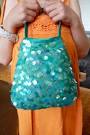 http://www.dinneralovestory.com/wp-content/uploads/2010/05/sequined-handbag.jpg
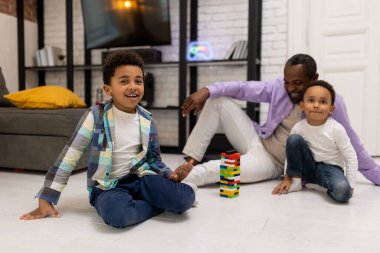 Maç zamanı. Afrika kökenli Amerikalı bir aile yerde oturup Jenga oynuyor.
####################
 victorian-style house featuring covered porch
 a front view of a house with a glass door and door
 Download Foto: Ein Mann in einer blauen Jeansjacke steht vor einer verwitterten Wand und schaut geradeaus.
####################
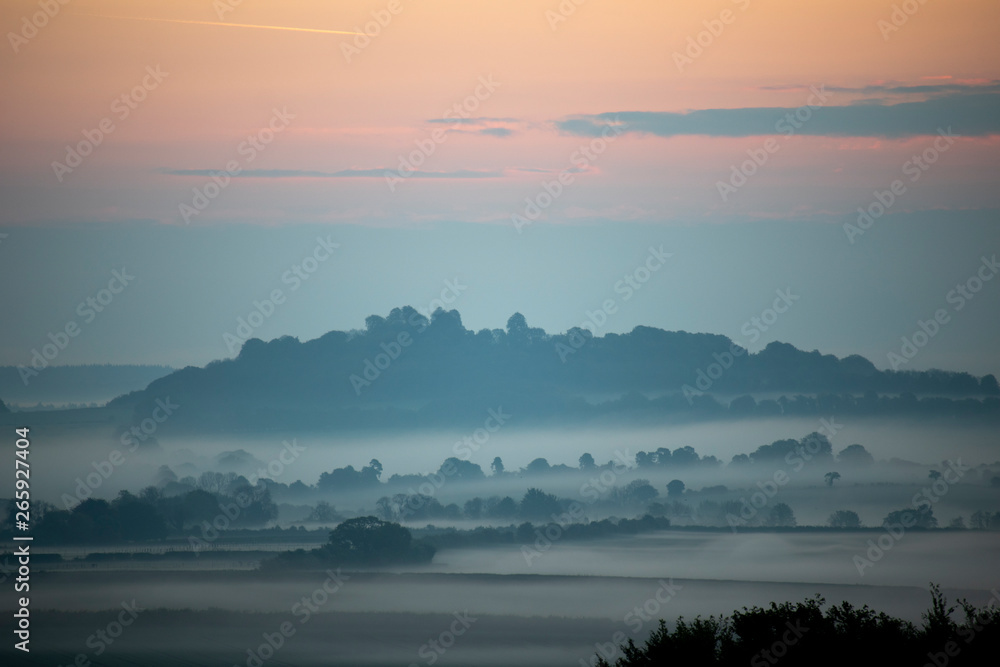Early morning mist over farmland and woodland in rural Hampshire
####################
Reproduce verbatim the lines above, from the line with "victorian-style house featuring" through the line with "Download Foto: Ein".

**Solution to this problem**
 victorian-style house featuring covered porch
 a front view of a house with a glass door and door
 Download Foto: Ein Mann in einer blauen Jeansjacke steht vor einer verwitterten Wand und schaut geradeaus.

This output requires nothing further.